▸ **TASK ITEM**
Go through the material below, find each line with the word "gold", and copy those lines.

▸ **RECORD EXTRACTS**
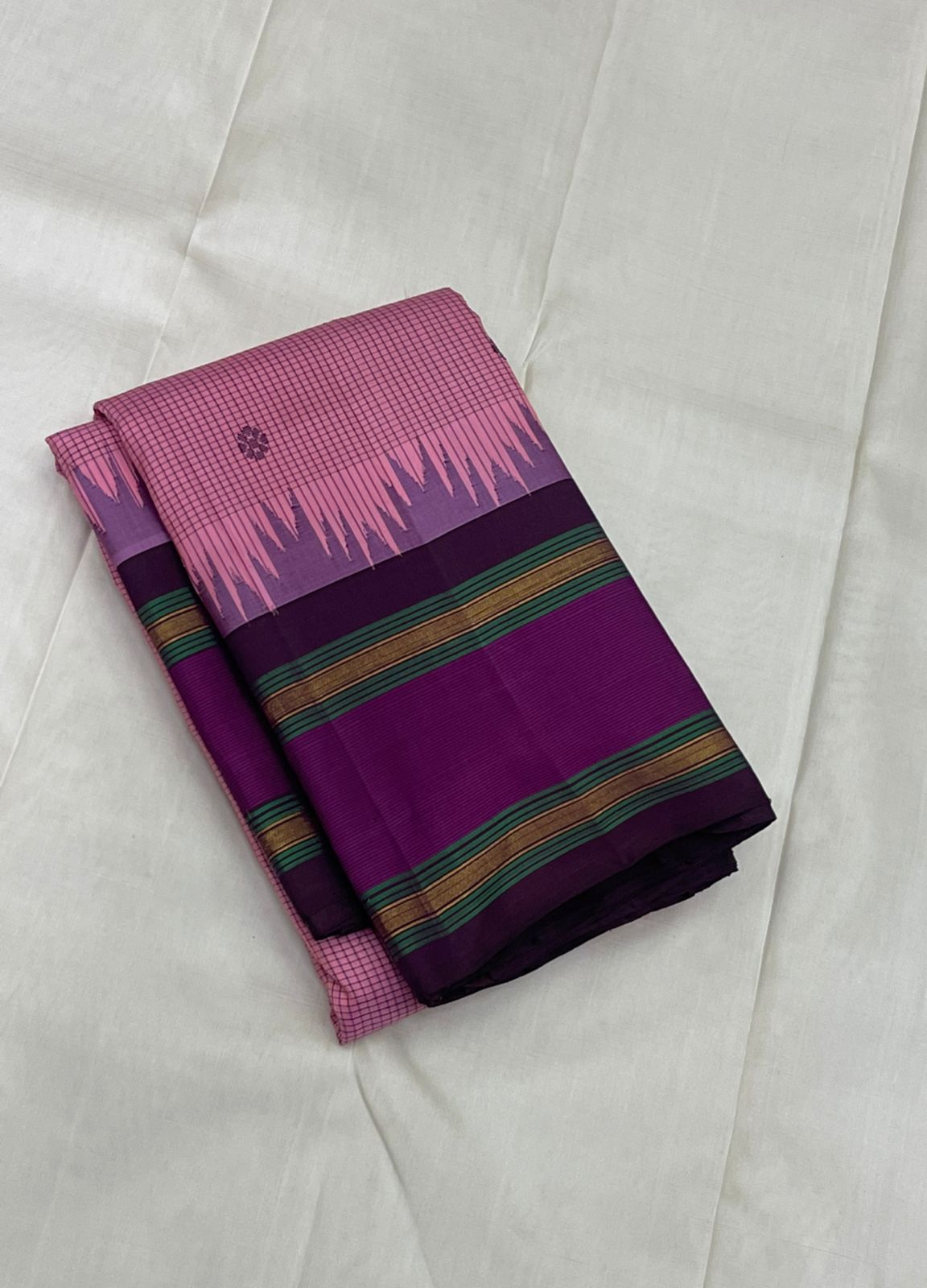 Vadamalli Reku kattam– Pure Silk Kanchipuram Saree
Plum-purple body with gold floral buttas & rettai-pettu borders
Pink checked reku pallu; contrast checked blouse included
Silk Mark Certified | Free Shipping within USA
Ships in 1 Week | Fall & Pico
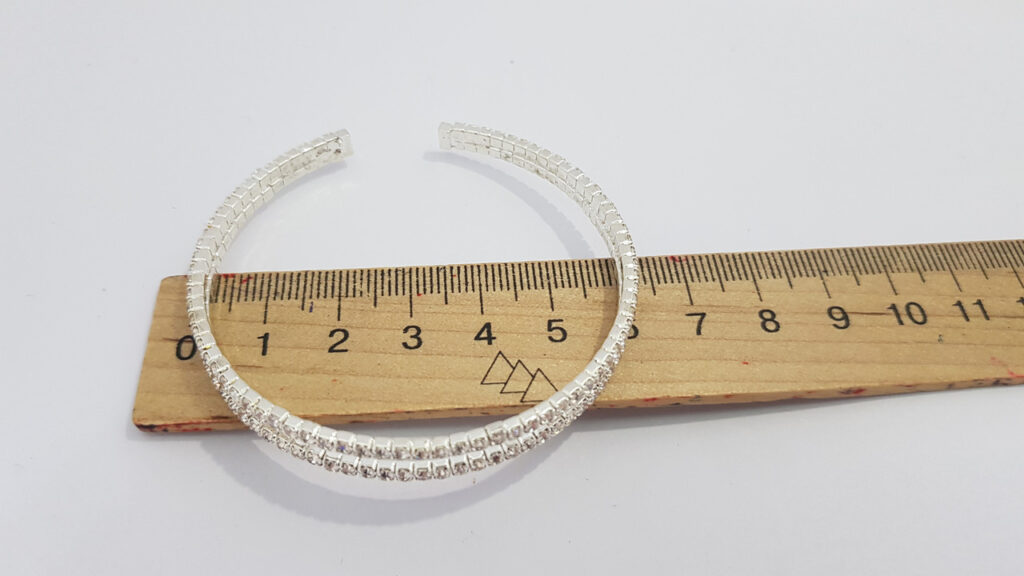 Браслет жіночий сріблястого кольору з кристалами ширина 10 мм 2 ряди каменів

---

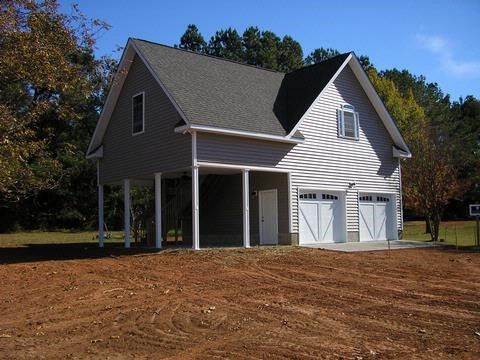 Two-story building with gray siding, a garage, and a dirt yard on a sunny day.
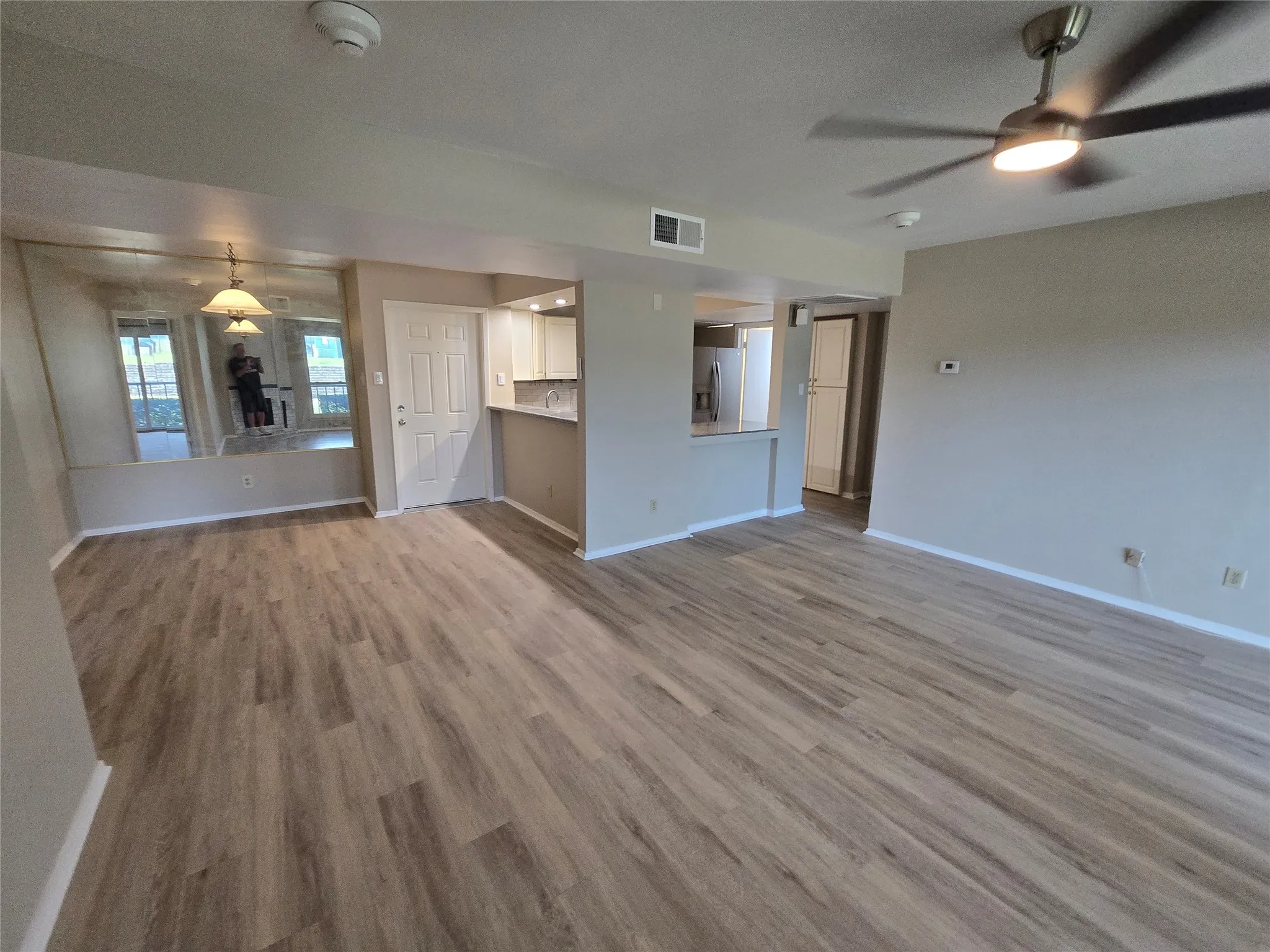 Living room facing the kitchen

* * *

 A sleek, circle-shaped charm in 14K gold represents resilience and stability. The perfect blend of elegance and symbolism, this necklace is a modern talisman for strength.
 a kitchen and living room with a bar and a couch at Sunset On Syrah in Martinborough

▸ **RESULT OF THIS EXERCISE**
Plum-purple body with gold floral buttas & rettai-pettu borders
 A sleek, circle-shaped charm in 14K gold represents resilience and stability. The perfect blend of elegance and symbolism, this necklace is a modern talisman for strength.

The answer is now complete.